(Data for processing):
□ □ □ □ □ □ □

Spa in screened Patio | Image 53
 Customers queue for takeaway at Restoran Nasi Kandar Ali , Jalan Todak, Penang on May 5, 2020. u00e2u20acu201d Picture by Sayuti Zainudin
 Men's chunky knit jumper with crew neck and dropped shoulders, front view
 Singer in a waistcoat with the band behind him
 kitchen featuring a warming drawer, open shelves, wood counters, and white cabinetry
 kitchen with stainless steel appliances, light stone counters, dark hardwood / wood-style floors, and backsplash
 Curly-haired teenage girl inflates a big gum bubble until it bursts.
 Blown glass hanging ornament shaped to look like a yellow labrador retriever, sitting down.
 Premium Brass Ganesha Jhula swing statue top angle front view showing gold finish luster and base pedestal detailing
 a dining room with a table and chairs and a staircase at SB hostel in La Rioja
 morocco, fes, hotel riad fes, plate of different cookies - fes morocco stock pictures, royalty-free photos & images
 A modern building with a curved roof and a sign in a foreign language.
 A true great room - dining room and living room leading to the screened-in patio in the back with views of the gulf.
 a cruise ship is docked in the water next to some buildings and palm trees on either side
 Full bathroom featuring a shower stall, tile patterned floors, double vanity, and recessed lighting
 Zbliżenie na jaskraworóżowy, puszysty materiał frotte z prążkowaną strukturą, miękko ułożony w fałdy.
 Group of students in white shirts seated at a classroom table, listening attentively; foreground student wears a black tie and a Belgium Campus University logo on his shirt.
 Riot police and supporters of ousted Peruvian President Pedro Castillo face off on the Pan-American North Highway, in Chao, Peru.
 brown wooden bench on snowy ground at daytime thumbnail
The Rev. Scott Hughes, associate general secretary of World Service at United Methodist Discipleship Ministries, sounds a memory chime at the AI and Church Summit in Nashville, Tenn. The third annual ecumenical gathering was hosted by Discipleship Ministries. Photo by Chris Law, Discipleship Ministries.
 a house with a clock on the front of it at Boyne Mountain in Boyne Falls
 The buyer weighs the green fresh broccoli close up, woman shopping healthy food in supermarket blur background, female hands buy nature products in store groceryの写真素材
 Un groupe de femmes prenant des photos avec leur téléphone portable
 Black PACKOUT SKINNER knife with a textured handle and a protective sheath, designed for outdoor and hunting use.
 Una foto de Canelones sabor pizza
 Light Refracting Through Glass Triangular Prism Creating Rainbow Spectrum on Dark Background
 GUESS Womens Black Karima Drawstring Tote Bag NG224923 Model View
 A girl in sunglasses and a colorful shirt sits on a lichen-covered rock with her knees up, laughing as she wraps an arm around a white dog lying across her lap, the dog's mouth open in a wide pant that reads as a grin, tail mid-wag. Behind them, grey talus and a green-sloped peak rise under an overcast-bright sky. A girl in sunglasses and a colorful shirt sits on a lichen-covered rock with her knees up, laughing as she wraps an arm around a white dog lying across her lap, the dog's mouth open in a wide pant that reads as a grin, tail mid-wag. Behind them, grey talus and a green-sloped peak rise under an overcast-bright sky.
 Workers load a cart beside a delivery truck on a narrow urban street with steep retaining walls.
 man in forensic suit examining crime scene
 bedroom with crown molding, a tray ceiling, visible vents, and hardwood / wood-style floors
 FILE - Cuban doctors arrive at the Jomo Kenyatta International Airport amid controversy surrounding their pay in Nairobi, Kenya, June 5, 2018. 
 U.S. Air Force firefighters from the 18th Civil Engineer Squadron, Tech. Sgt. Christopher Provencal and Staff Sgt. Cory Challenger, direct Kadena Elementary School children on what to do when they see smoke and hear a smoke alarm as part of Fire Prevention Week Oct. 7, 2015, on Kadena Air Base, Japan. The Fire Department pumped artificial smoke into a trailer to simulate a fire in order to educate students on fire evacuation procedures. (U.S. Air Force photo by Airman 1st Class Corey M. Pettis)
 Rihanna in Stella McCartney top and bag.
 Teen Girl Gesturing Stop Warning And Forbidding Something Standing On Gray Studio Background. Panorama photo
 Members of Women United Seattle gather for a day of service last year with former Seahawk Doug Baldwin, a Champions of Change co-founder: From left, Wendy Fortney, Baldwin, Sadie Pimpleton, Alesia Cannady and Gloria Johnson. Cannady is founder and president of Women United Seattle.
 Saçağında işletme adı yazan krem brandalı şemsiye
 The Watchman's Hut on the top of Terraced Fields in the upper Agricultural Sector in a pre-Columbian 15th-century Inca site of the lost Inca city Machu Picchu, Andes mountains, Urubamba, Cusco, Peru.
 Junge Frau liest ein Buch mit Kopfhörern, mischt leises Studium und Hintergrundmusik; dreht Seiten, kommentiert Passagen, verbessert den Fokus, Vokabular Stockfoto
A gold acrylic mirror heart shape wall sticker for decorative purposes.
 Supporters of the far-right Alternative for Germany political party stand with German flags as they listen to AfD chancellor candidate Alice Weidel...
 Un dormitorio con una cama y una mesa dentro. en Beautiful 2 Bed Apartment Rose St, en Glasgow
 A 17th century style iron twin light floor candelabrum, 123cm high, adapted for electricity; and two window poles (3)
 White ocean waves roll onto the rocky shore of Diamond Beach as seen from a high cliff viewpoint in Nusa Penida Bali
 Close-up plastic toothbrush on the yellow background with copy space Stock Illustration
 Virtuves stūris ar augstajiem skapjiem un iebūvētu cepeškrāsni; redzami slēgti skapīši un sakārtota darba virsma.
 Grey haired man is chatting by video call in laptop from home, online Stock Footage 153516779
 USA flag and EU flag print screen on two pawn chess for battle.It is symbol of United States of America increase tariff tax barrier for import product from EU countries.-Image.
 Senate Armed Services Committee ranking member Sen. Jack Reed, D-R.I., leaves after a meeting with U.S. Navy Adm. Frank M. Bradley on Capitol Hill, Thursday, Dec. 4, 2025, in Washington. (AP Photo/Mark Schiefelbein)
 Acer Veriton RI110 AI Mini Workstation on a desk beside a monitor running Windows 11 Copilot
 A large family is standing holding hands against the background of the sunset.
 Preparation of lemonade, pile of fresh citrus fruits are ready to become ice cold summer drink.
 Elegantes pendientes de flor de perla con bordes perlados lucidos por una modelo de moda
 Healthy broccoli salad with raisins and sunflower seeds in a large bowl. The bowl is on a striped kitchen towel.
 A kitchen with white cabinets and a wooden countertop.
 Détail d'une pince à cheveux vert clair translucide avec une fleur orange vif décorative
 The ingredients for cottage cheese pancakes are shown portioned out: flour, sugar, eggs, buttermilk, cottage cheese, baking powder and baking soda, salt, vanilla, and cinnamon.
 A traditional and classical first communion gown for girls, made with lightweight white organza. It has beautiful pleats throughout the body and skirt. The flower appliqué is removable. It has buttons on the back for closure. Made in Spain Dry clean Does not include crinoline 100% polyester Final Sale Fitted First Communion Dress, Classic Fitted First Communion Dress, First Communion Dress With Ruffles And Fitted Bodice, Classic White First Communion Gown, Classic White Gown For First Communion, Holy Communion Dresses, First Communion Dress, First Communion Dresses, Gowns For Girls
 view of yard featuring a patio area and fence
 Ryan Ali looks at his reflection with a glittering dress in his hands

□ □ □ □ □ □ □

(Work task): Repeat each entry exactly as it was given.

(Solution to this task):
Spa in screened Patio | Image 53
 Customers queue for takeaway at Restoran Nasi Kandar Ali , Jalan Todak, Penang on May 5, 2020. u00e2u20acu201d Picture by Sayuti Zainudin
 Men's chunky knit jumper with crew neck and dropped shoulders, front view
 Singer in a waistcoat with the band behind him
 kitchen featuring a warming drawer, open shelves, wood counters, and white cabinetry
 kitchen with stainless steel appliances, light stone counters, dark hardwood / wood-style floors, and backsplash
 Curly-haired teenage girl inflates a big gum bubble until it bursts.
 Blown glass hanging ornament shaped to look like a yellow labrador retriever, sitting down.
 Premium Brass Ganesha Jhula swing statue top angle front view showing gold finish luster and base pedestal detailing
 a dining room with a table and chairs and a staircase at SB hostel in La Rioja
 morocco, fes, hotel riad fes, plate of different cookies - fes morocco stock pictures, royalty-free photos & images
 A modern building with a curved roof and a sign in a foreign language.
 A true great room - dining room and living room leading to the screened-in patio in the back with views of the gulf.
 a cruise ship is docked in the water next to some buildings and palm trees on either side
 Full bathroom featuring a shower stall, tile patterned floors, double vanity, and recessed lighting
 Zbliżenie na jaskraworóżowy, puszysty materiał frotte z prążkowaną strukturą, miękko ułożony w fałdy.
 Group of students in white shirts seated at a classroom table, listening attentively; foreground student wears a black tie and a Belgium Campus University logo on his shirt.
 Riot police and supporters of ousted Peruvian President Pedro Castillo face off on the Pan-American North Highway, in Chao, Peru.
 brown wooden bench on snowy ground at daytime thumbnail
The Rev. Scott Hughes, associate general secretary of World Service at United Methodist Discipleship Ministries, sounds a memory chime at the AI and Church Summit in Nashville, Tenn. The third annual ecumenical gathering was hosted by Discipleship Ministries. Photo by Chris Law, Discipleship Ministries.
 a house with a clock on the front of it at Boyne Mountain in Boyne Falls
 The buyer weighs the green fresh broccoli close up, woman shopping healthy food in supermarket blur background, female hands buy nature products in store groceryの写真素材
 Un groupe de femmes prenant des photos avec leur téléphone portable
 Black PACKOUT SKINNER knife with a textured handle and a protective sheath, designed for outdoor and hunting use.
 Una foto de Canelones sabor pizza
 Light Refracting Through Glass Triangular Prism Creating Rainbow Spectrum on Dark Background
 GUESS Womens Black Karima Drawstring Tote Bag NG224923 Model View
 A girl in sunglasses and a colorful shirt sits on a lichen-covered rock with her knees up, laughing as she wraps an arm around a white dog lying across her lap, the dog's mouth open in a wide pant that reads as a grin, tail mid-wag. Behind them, grey talus and a green-sloped peak rise under an overcast-bright sky. A girl in sunglasses and a colorful shirt sits on a lichen-covered rock with her knees up, laughing as she wraps an arm around a white dog lying across her lap, the dog's mouth open in a wide pant that reads as a grin, tail mid-wag. Behind them, grey talus and a green-sloped peak rise under an overcast-bright sky.
 Workers load a cart beside a delivery truck on a narrow urban street with steep retaining walls.
 man in forensic suit examining crime scene
 bedroom with crown molding, a tray ceiling, visible vents, and hardwood / wood-style floors
 FILE - Cuban doctors arrive at the Jomo Kenyatta International Airport amid controversy surrounding their pay in Nairobi, Kenya, June 5, 2018. 
 U.S. Air Force firefighters from the 18th Civil Engineer Squadron, Tech. Sgt. Christopher Provencal and Staff Sgt. Cory Challenger, direct Kadena Elementary School children on what to do when they see smoke and hear a smoke alarm as part of Fire Prevention Week Oct. 7, 2015, on Kadena Air Base, Japan. The Fire Department pumped artificial smoke into a trailer to simulate a fire in order to educate students on fire evacuation procedures. (U.S. Air Force photo by Airman 1st Class Corey M. Pettis)
 Rihanna in Stella McCartney top and bag.
 Teen Girl Gesturing Stop Warning And Forbidding Something Standing On Gray Studio Background. Panorama photo
 Members of Women United Seattle gather for a day of service last year with former Seahawk Doug Baldwin, a Champions of Change co-founder: From left, Wendy Fortney, Baldwin, Sadie Pimpleton, Alesia Cannady and Gloria Johnson. Cannady is founder and president of Women United Seattle.
 Saçağında işletme adı yazan krem brandalı şemsiye
 The Watchman's Hut on the top of Terraced Fields in the upper Agricultural Sector in a pre-Columbian 15th-century Inca site of the lost Inca city Machu Picchu, Andes mountains, Urubamba, Cusco, Peru.
 Junge Frau liest ein Buch mit Kopfhörern, mischt leises Studium und Hintergrundmusik; dreht Seiten, kommentiert Passagen, verbessert den Fokus, Vokabular Stockfoto
A gold acrylic mirror heart shape wall sticker for decorative purposes.
 Supporters of the far-right Alternative for Germany political party stand with German flags as they listen to AfD chancellor candidate Alice Weidel...
 Un dormitorio con una cama y una mesa dentro. en Beautiful 2 Bed Apartment Rose St, en Glasgow
 A 17th century style iron twin light floor candelabrum, 123cm high, adapted for electricity; and two window poles (3)
 White ocean waves roll onto the rocky shore of Diamond Beach as seen from a high cliff viewpoint in Nusa Penida Bali
 Close-up plastic toothbrush on the yellow background with copy space Stock Illustration
 Virtuves stūris ar augstajiem skapjiem un iebūvētu cepeškrāsni; redzami slēgti skapīši un sakārtota darba virsma.
 Grey haired man is chatting by video call in laptop from home, online Stock Footage 153516779
 USA flag and EU flag print screen on two pawn chess for battle.It is symbol of United States of America increase tariff tax barrier for import product from EU countries.-Image.
 Senate Armed Services Committee ranking member Sen. Jack Reed, D-R.I., leaves after a meeting with U.S. Navy Adm. Frank M. Bradley on Capitol Hill, Thursday, Dec. 4, 2025, in Washington. (AP Photo/Mark Schiefelbein)
 Acer Veriton RI110 AI Mini Workstation on a desk beside a monitor running Windows 11 Copilot
 A large family is standing holding hands against the background of the sunset.
 Preparation of lemonade, pile of fresh citrus fruits are ready to become ice cold summer drink.
 Elegantes pendientes de flor de perla con bordes perlados lucidos por una modelo de moda
 Healthy broccoli salad with raisins and sunflower seeds in a large bowl. The bowl is on a striped kitchen towel.
 A kitchen with white cabinets and a wooden countertop.
 Détail d'une pince à cheveux vert clair translucide avec une fleur orange vif décorative
 The ingredients for cottage cheese pancakes are shown portioned out: flour, sugar, eggs, buttermilk, cottage cheese, baking powder and baking soda, salt, vanilla, and cinnamon.
 A traditional and classical first communion gown for girls, made with lightweight white organza. It has beautiful pleats throughout the body and skirt. The flower appliqué is removable. It has buttons on the back for closure. Made in Spain Dry clean Does not include crinoline 100% polyester Final Sale Fitted First Communion Dress, Classic Fitted First Communion Dress, First Communion Dress With Ruffles And Fitted Bodice, Classic White First Communion Gown, Classic White Gown For First Communion, Holy Communion Dresses, First Communion Dress, First Communion Dresses, Gowns For Girls
 view of yard featuring a patio area and fence
 Ryan Ali looks at his reflection with a glittering dress in his hands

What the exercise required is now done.